[THE RECORDS Boundary: Start]

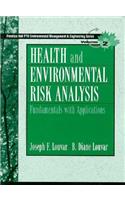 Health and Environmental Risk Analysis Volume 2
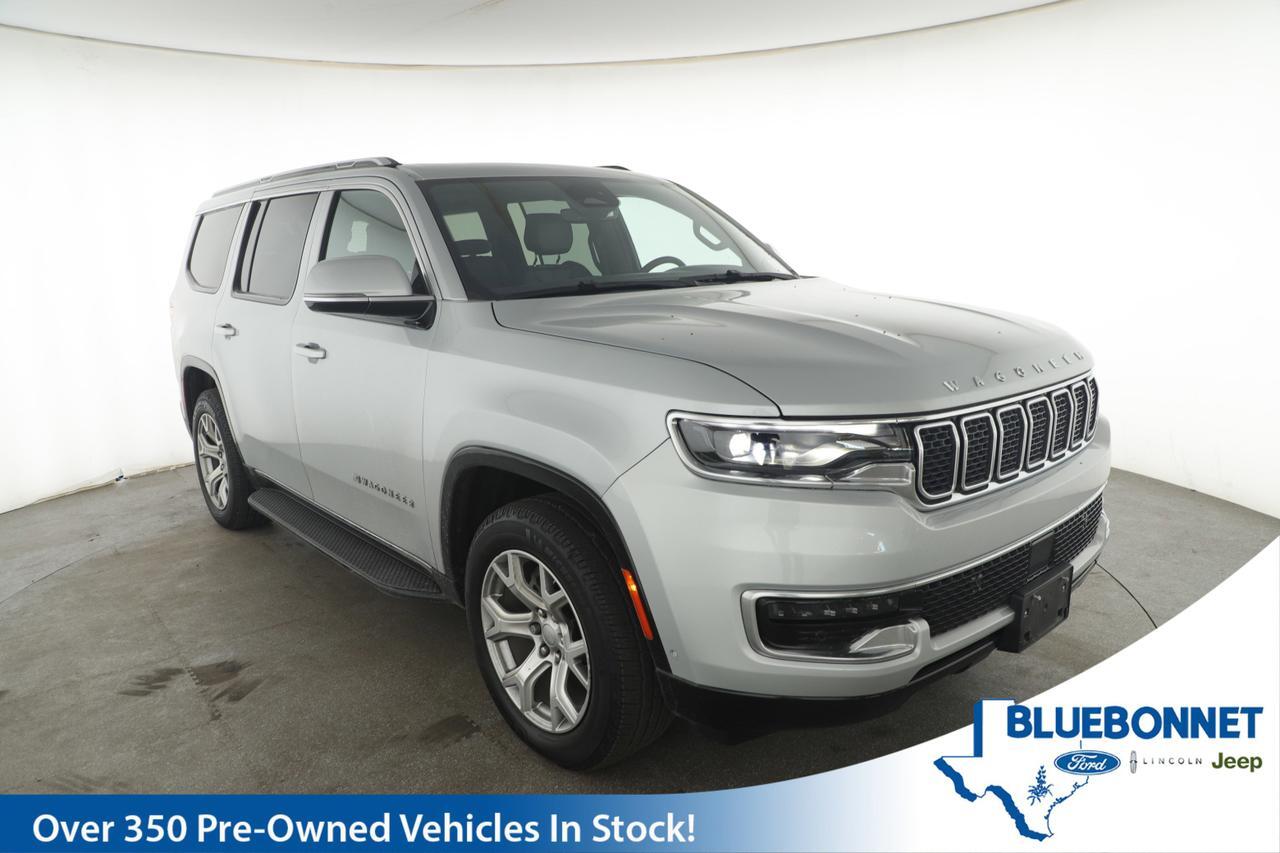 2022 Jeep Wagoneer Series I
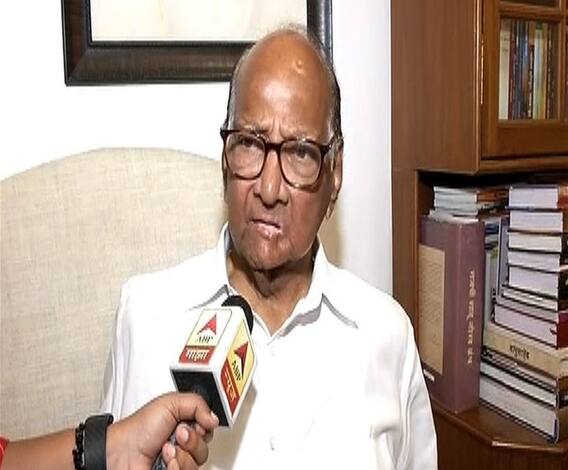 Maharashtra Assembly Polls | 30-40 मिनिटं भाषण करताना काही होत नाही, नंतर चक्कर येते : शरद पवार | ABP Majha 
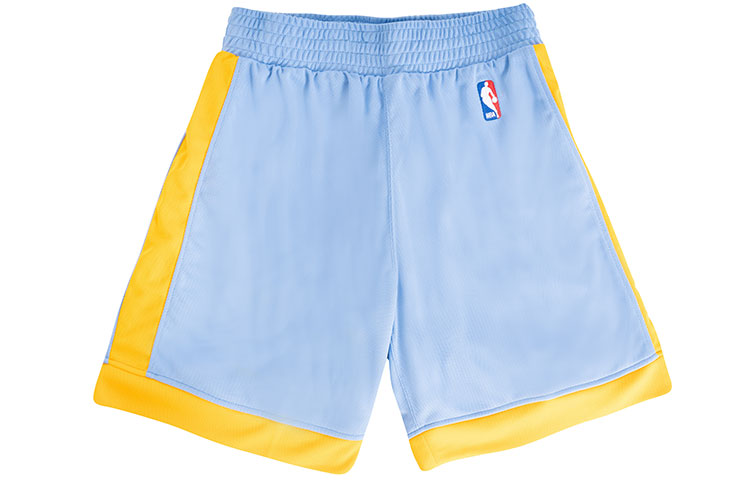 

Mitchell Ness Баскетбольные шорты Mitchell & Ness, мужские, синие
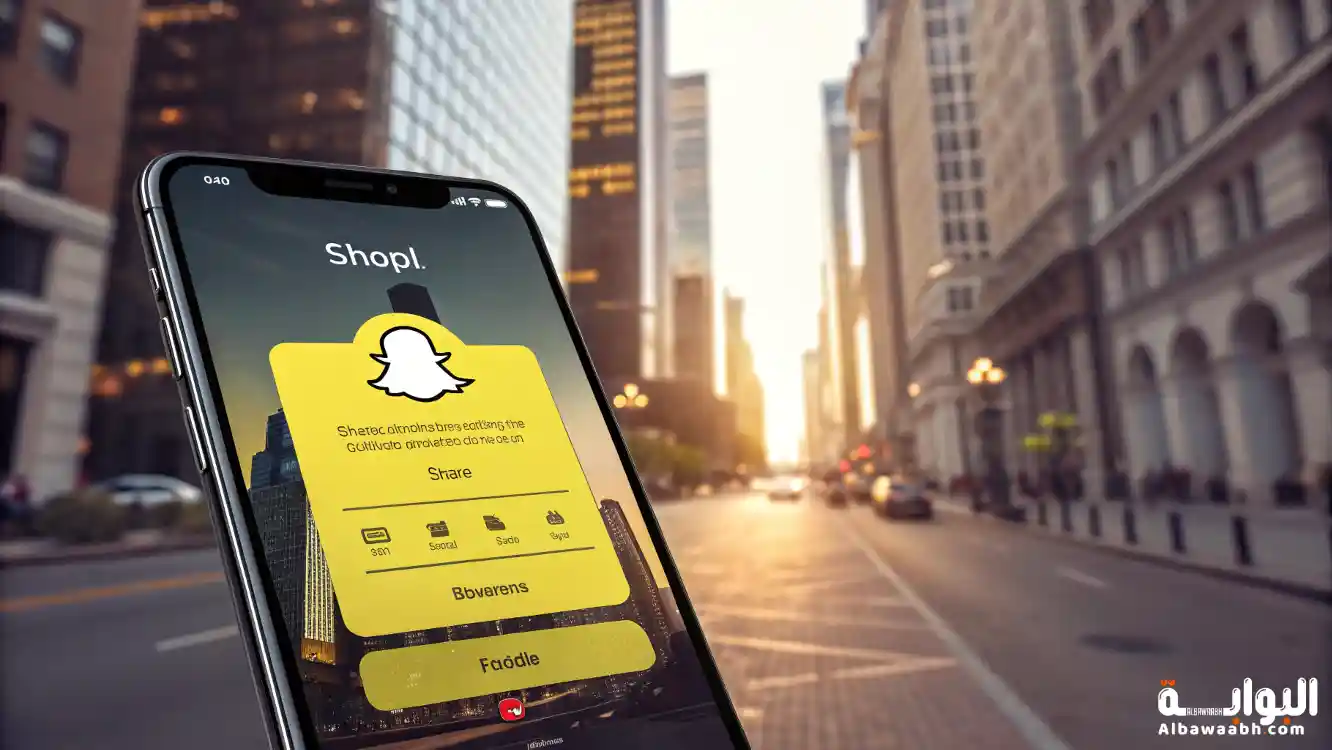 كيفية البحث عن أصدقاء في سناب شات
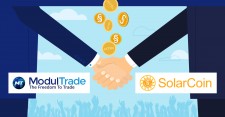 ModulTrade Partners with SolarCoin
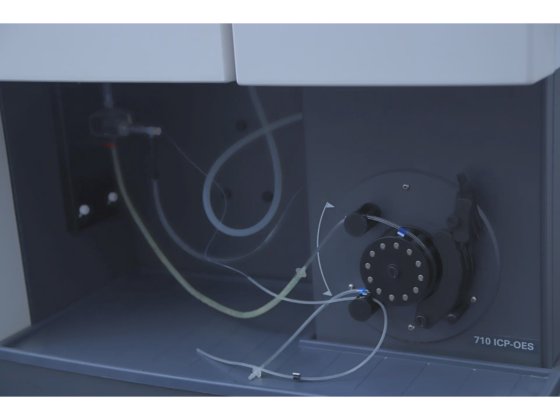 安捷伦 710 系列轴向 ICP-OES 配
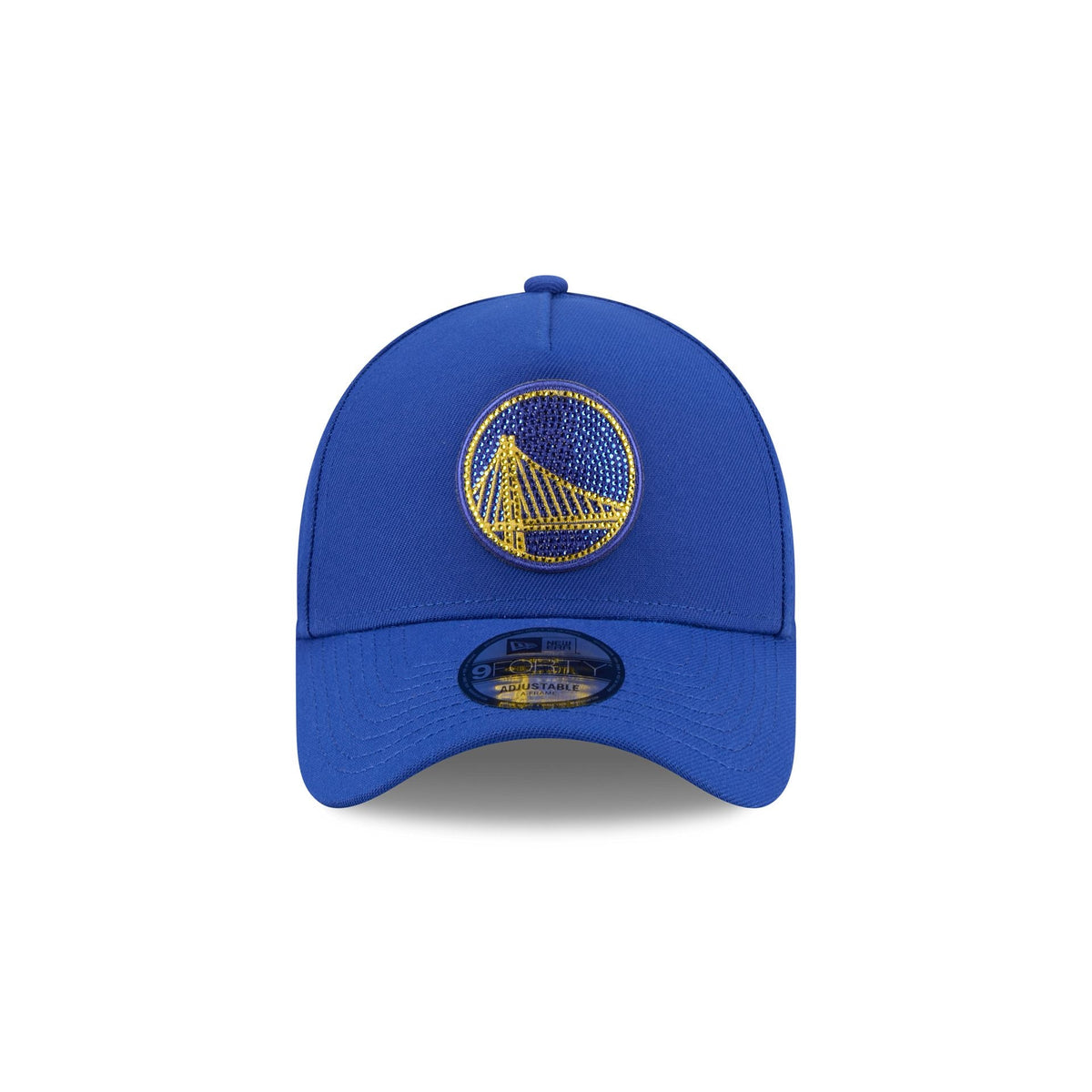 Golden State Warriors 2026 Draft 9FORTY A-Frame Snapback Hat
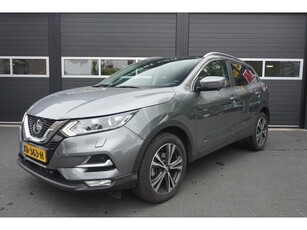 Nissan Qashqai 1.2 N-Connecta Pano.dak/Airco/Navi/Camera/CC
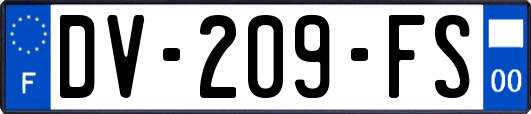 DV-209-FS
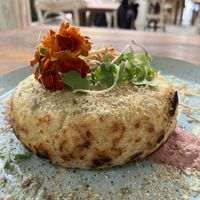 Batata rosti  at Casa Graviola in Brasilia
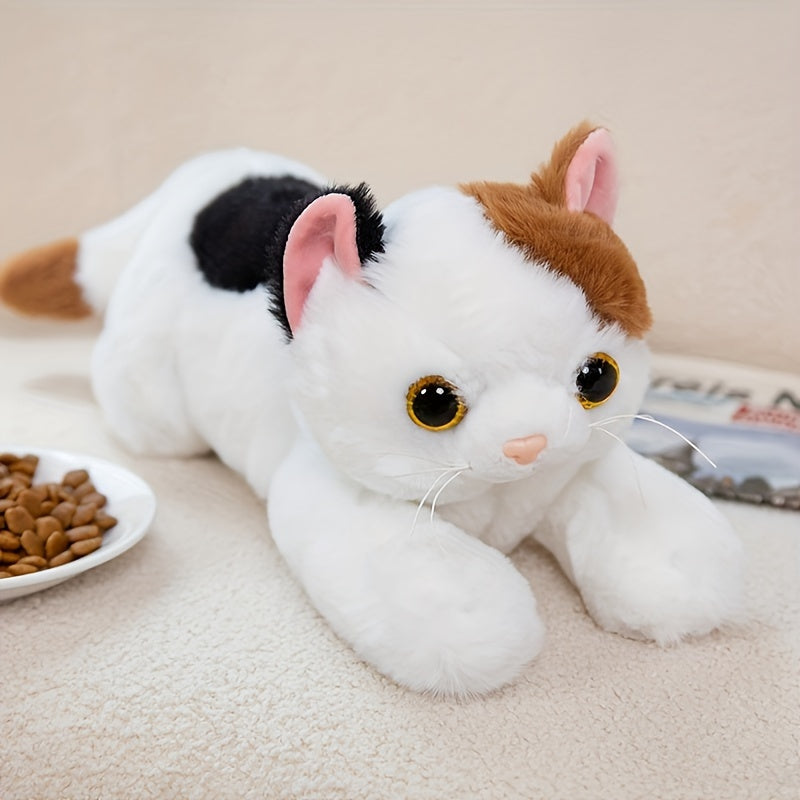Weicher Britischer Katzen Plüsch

[THE RECORDS Boundary: End]

> YOUR ASSIGNMENT:
From the line containing "安捷伦 710 系列轴向 ICP-OES 配" down to the last line of the data, print every line exactly and nothing else. Pictures stay out of the copy.

> WRITTEN SOLUTION:
 安捷伦 710 系列轴向 ICP-OES 配
 Golden State Warriors 2026 Draft 9FORTY A-Frame Snapback Hat
 Nissan Qashqai 1.2 N-Connecta Pano.dak/Airco/Navi/Camera/CC
 DV-209-FS
 Batata rosti  at Casa Graviola in Brasilia
Weicher Britischer Katzen Plüsch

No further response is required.